Otro autor de menos recursos no hubiera podido interesar con semejante argumento a los lectores, y no es seguro que el mismo Sr. Valera llegue a interesar a todos, porque los hay de muy diversos gustos.

En un artículo muy notable publicado ha pocos días, habla el Sr. Giner de los gustos vulgares que manifiestan las almas poco delicadas, gozando, como gozan, con espectáculos intranquilos, con literatura violenta, con pasiones extremadas, movimientos y azares: hablando precisamente de las novelas, dice el Sr. Giner que al de gusto poco cultivado no le placen las que no tienen otro movimiento que el de la vida, quizá latente en sus páginas, pero no por eso menos real y menos bello. Al lector que no guste de contemplar, no puede agradarle esta novela del Sr. Valera, y al que Dios llame por ese camino, aún le gustarán más otras del mismo autor, que se prestaban, como ella, a muchas meditaciones y, al propio tiempo, tenían más belleza, revelaban más habilidad y momentos más felices y más fecundos de inspiración. Lo que ha de gustar a todos, de fijo, es el estilo sin par del Sr. Valera, quizá mejorado en esta obrita, porque es más natural y parece más espontáneo que en algunas otras ocasiones. Ya se sabe que el Sr. Varela es un académico ideal, quiero decir, como deben ser; comprende cuánto bueno se puede extraer del tesoro de las letras sabias, a que puede llegar una erudición vasta, profunda y bien dirigida por el raciocinio y el gusto; sabe asimismo cuáles son las exigencias de los modernos tiempos, y con arte exquisito emplea en obras de gusto moderno la riqueza de erudición, la experiencia artística, ganadas en estudios clásicos, clásicos de veras. Como en todo, en el estilo y en el lenguaje revela tales ventajas el autor de Asclepigenia; escribe como nadie, porque es castizo y sabe mucho diccionario, y algo que no está en el Diccionario, sin degenerar en arcaico, ni en voces, ni en giros; de las nuevas maneras aprovecha lo que no desdice   —275→   de la elegancia antigua, lo que no choca con el gusto delicado y es útil para expresar mejor lo que mejor se piensa ahora: por todo lo cual, el estilo de Valera, ni pueden rechazarlo los académicos, ni los profanos pueden menos de admirarlo.

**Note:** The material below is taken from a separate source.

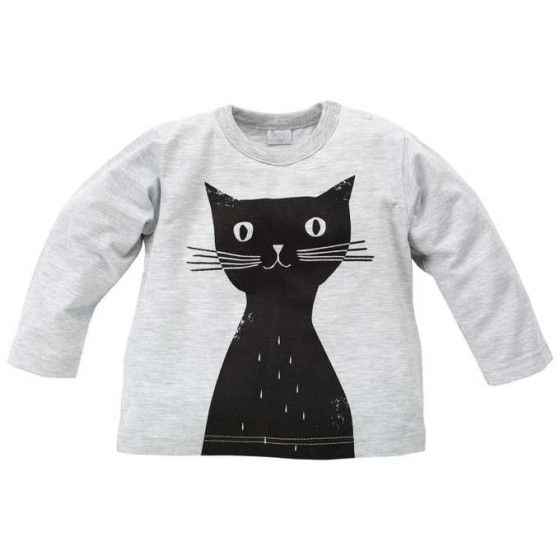 Pinokio Chemisier à manches longues Happy Day gris avec chat 74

No hay arte que no consista en un punto de caramelo; dar en el clavo, eso es ser artista: el Sr. Valera es el mejor artista del idioma castellano...

¿Y Doña Luz? Si Pepita Jiménez no anduviese por esos mundos, Doña Luz sería más encomiada; pero esta Luz se eclipsa ante la perla de las novelas españolas contemporáneas. No es que sea igual el argumento, ni los recursos del arte idénticos; pero hay grandes analogías, y sobre que estas sutilezas psicológicas no son para muy traídas y llevadas, el desempeño es inferior con mucho en esta ocasión.

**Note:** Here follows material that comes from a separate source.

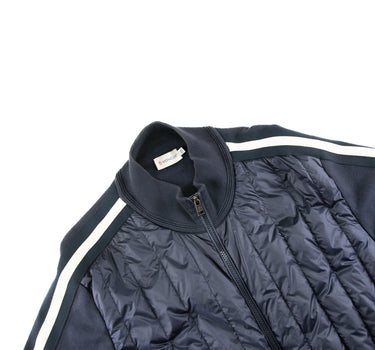 The collar of the Moncler Navy Stripe Maglia Tricot Full Zip.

El Sr. Valera ha reincidido en el defecto de decírselo él todo o casi todo, y hasta cuando son los personajes los que hablan, se oye la voz del consueta. Sucede, con efecto, en esta novela, lo que en las comedias de aficionados (llamo yo así también a los que cobran sus aficiones): el apuntador, como está oculto, no tiene miedo, y suele declamar más alto, con más brío y de corrido lo que el actor dice mal, sin gracia y a trompicones; resultado: que a quien se le oye el drama es al apuntador. En Doña Luz, a quien se oye es a D. Juan Valera.

Yo declaro que no me pesa; pero si al Sr. Vidart o cualquier otro se le ocurre quejarse, D. Juan se defienda, que a mí me faltan argumentos.

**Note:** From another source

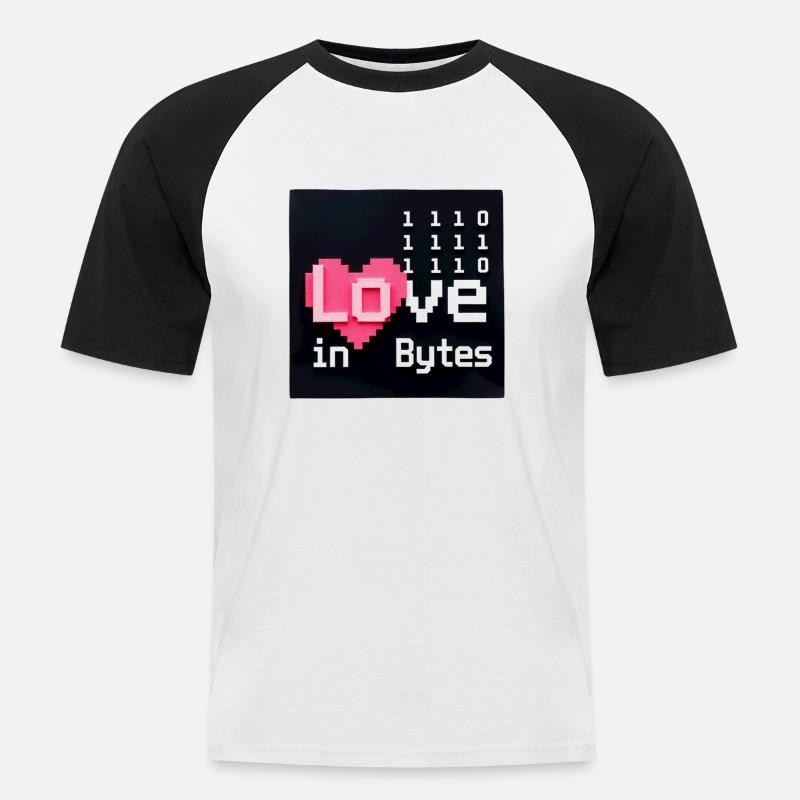 Liebe in Bytes Pixel Art - Männer Baseball-T-Shirt - Weiß/Schwarz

En cuanto al reclamo con que atrae Valera a los críticos sutiles para que de su libro deduzcan mil y quinientas enseñanzas, nada diré, porque no va conmigo.

Y me alegro, porque si hay algo que gaste el alma y empobrezca la voluntad especialmente, es el perpetuo alambicar razones y sentimientos. En nuestros días, la ociosidad ha abusado de la psicología recreativa, y los inocentes que de buena fe se han dejado llevar de esta afición, han concluido por tener tedio, padecer náuseas y jaqueca... Así, que no nos quebremos de sutiles.

Mi opinión, que no vale porque no soy de los aludidos, es que Doña Luz enseña a no mezclar lo divino con lo humano, como ya Cervantes quería. Una frase vulgar resume la enseñanza de Doña Luz: a esta señora se le fue el santo al cielo.